REPUBLIKA.CO.ID, JAKARTA -- Mahkamah Konstitusi (MK) memutuskan mengabulkan pencabutan pengujian Pasal 169 huruf q Undang-Undang Nomor 7 Tahun 2017 tentang Pemilihan Umum (UU Pemilu) pada Senin (2/10/2023). Permohonan yang teregistrasi dengan nomor perkara 100/PUU-XXI/2023 ini diajukan oleh Hite Badenggan Lumbantoruan dan Marson Lumbanbatu.

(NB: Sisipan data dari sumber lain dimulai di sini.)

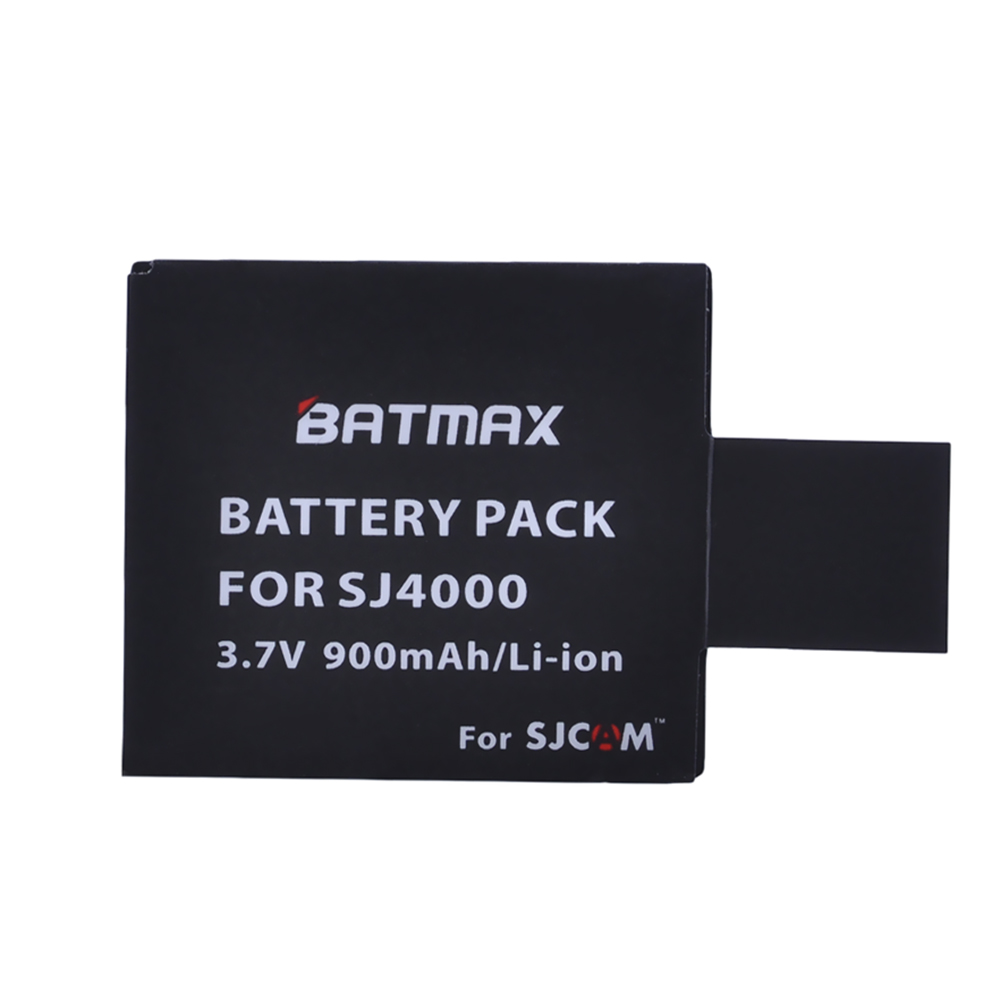 4Pcs SJ4000 PG1050 Battery Bateria + LED 3Slots USB Charger for SJCAM SJ4000 SJ5000 EKEN M10 4K H8 H9 GIT-LB101 GIT PG900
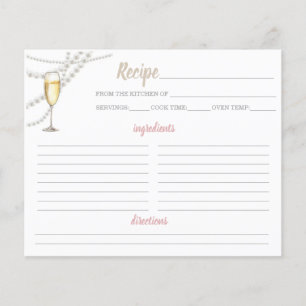 Pearls och Prosecco Recipe Lakan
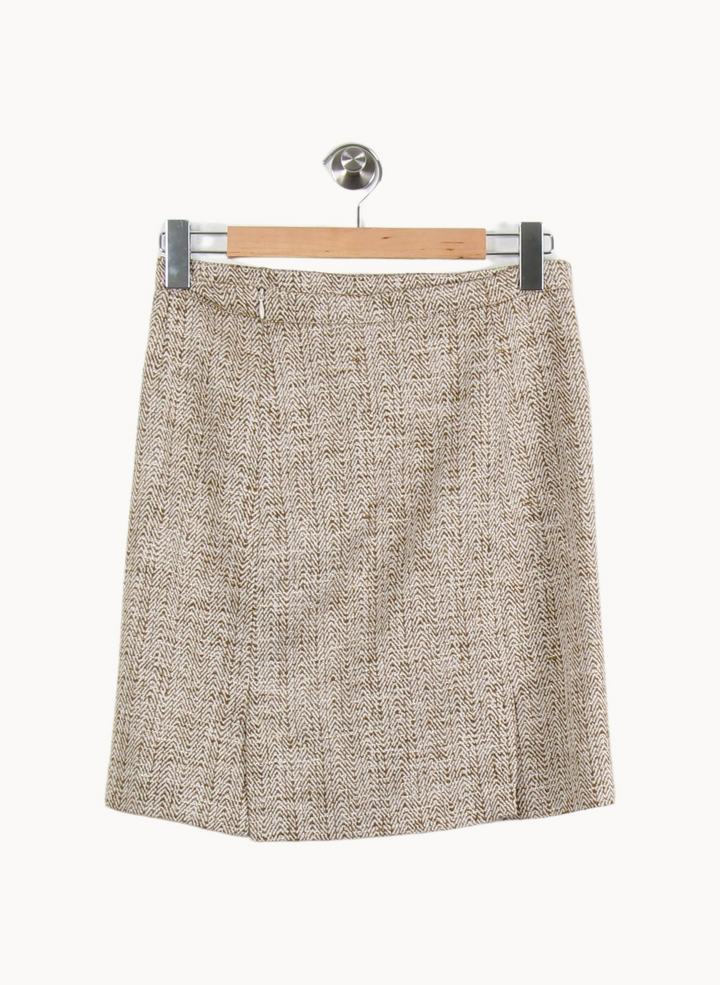 Jupe Courte Beige - Taille S/36 de la marque Ines de la Fressange Paris | PARAD69025 - Vendu par Paradigme - Image 4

"Mengabulkan penarikan kembali permohonan pemohon," kata Ketua MK Anwar Usman dalam sidang pengucapan putusan pada Senin (2/10/2023).
Anwar menjelaskan, MK sudah menyelenggarakan sidang pemeriksaan pendahuluan dengan agenda mendengarkan perbaikan permohonan. Namun, sebelum sidang berlangsung, para pemohon menyampaikan surat permohonan pencabutan perkara bertanggal 25 September 2023.
"Kemudian majelis panel mengklarifikasi perihal penarikan itu. Para pemohon membenarkan ikhwal penarikan permohonannya," ujar Anwar.
Selanjutnya, Anwar menyebut rapat permusyawaratan hakim MK pada 26 September 2023 berkesimpulan pencabutan permohonan itu telah beralasan menurut hukum. "Dan para pemohon tidak dapat mengajukan kembali permohonan a quo," ujar Anwar.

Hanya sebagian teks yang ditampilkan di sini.